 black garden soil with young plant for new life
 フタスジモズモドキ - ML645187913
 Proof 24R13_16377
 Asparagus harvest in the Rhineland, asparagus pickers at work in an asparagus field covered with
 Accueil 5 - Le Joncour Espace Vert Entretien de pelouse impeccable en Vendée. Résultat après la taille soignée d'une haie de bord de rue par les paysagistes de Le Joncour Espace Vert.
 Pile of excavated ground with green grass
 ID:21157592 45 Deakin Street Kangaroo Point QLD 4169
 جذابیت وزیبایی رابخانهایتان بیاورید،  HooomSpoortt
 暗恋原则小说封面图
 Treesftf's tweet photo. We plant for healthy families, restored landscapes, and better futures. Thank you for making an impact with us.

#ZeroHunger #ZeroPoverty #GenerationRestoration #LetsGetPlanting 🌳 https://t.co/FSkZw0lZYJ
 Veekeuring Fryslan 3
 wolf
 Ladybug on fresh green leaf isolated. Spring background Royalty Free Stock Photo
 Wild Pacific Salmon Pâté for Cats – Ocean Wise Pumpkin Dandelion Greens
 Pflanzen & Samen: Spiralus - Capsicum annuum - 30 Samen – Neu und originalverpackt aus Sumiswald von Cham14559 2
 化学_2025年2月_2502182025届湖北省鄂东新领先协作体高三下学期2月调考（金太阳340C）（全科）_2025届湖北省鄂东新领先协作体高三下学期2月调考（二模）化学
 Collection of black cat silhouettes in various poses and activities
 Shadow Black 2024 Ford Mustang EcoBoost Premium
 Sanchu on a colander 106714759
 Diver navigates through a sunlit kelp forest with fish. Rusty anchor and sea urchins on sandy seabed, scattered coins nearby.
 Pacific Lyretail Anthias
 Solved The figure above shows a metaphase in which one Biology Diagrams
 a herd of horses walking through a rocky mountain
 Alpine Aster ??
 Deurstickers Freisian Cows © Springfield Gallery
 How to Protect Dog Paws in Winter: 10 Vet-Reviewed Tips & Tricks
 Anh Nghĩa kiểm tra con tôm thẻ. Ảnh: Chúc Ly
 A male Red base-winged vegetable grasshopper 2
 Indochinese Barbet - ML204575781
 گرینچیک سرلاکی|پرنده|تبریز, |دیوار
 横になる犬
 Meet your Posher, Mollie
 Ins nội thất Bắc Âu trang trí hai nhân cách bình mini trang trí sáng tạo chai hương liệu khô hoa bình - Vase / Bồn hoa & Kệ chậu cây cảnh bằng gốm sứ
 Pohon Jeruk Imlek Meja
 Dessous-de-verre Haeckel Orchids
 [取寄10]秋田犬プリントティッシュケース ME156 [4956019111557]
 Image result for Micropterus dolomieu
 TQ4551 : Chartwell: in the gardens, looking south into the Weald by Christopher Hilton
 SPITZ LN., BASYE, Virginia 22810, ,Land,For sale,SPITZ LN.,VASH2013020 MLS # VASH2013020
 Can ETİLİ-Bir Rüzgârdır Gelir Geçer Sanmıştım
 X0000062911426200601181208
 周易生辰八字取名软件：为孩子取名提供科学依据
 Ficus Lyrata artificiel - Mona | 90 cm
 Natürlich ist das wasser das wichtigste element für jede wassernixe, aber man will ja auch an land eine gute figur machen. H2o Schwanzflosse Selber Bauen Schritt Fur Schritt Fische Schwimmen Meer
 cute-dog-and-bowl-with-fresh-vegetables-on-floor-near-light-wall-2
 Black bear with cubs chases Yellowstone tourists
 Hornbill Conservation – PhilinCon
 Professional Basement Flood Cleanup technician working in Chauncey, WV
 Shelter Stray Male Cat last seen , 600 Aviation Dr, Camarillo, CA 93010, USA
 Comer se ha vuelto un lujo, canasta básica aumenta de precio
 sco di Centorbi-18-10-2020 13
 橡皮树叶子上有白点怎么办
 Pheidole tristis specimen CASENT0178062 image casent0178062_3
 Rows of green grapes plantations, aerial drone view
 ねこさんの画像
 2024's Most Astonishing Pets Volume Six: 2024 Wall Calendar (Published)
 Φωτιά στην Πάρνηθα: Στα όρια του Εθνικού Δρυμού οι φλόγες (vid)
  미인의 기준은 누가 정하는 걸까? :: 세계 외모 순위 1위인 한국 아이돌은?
==========
# Requirement
Among the lines of the data, which ones contain the word "fresh"? Show them.

# Answer to the problem
 Ladybug on fresh green leaf isolated. Spring background Royalty Free Stock Photo
 cute-dog-and-bowl-with-fresh-vegetables-on-floor-near-light-wall-2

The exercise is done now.